Viewpoint: Preaching Card Clarity, Practicing the Opposite

The ink on the Credit Card Accounting Responsibility and Disclosure Act of 2009 isn't even dry, and yet there has already been a wave of articles warning consumers about the "new traps" — predatory practices, hidden fees and variable interest rates.

If their concerns are legitimate, it creates a strange paradox: financial institutions are spending millions of dollars trying to convince their customers and prospects that they are responsible, caring and trustworthy while they allegedly devise strategies to generate additional revenues from their customers with stealth fees buried in the fine print of their credit card contracts.

This highly charged situation calls for creative solutions. Regulators are trying to legislate clarity by micromanaging the content and wording of disclosures.

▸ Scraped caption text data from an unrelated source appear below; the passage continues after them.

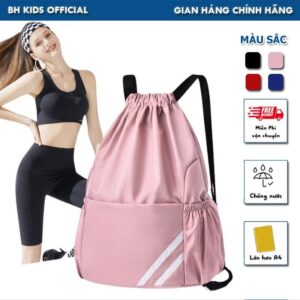 Túi đựng đồ thể thao đa năng, classic cá tính, dây rút tiện lợi, vải Oxford chống nước, có phản quan phát sáng ban đêm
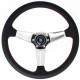 Volane sport Nardi Deep Corn Steering Wheel, piele, 75mm Adâncime, 350mm, spițe cromate | race-shop.ro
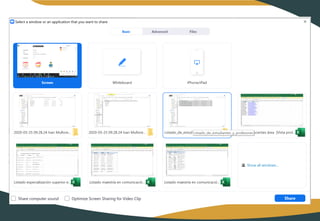 Quinto Webinario: Zoom
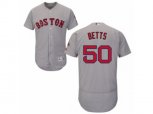 Boston Red Sox #50 Mookie Betts Grey Flexbase Authentic Collection MLB Jersey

This only reinforces the entrenched practice of lawyers complying with the letter of the law while skirting the spirit of it. Issuers need to create credit card contracts, monthly statements, and interactive guides that give customers an opportunity to make informed decisions and protect themselves.

Regulations that attempt to achieve disclosure through technical requirements — mandated language, typographic specifications and archaic usability formulas — needlessly complicate a good-faith effort to create integrated, informative documents.

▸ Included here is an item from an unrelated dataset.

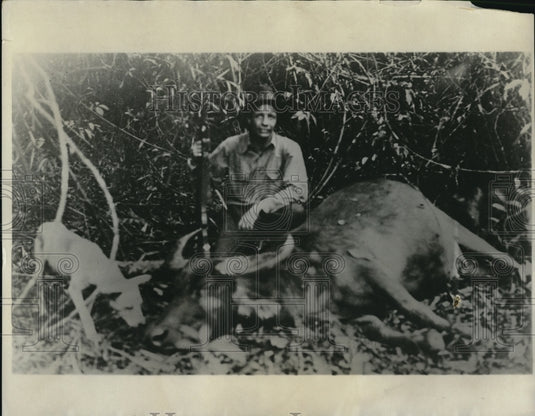 1932 Press Photo Governor General Theodore Roosevelt Hunting in the Phillipines - Historic Images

Can you create a consumer credit contract on one page as President Obama requested? Yes you can. The lawyers will predictably be concerned about compliance. My answer is simple. Use market research to ensure that your employees, customers and prospects can understand the contract and statements. There can be no stronger defense if you are sued.

We need to make clarity, transparency and empathy national priorities and to help restore trust in our private and public institutions.

We have only ourselves to blame if we continue tolerating outrageously complex and confusing documents.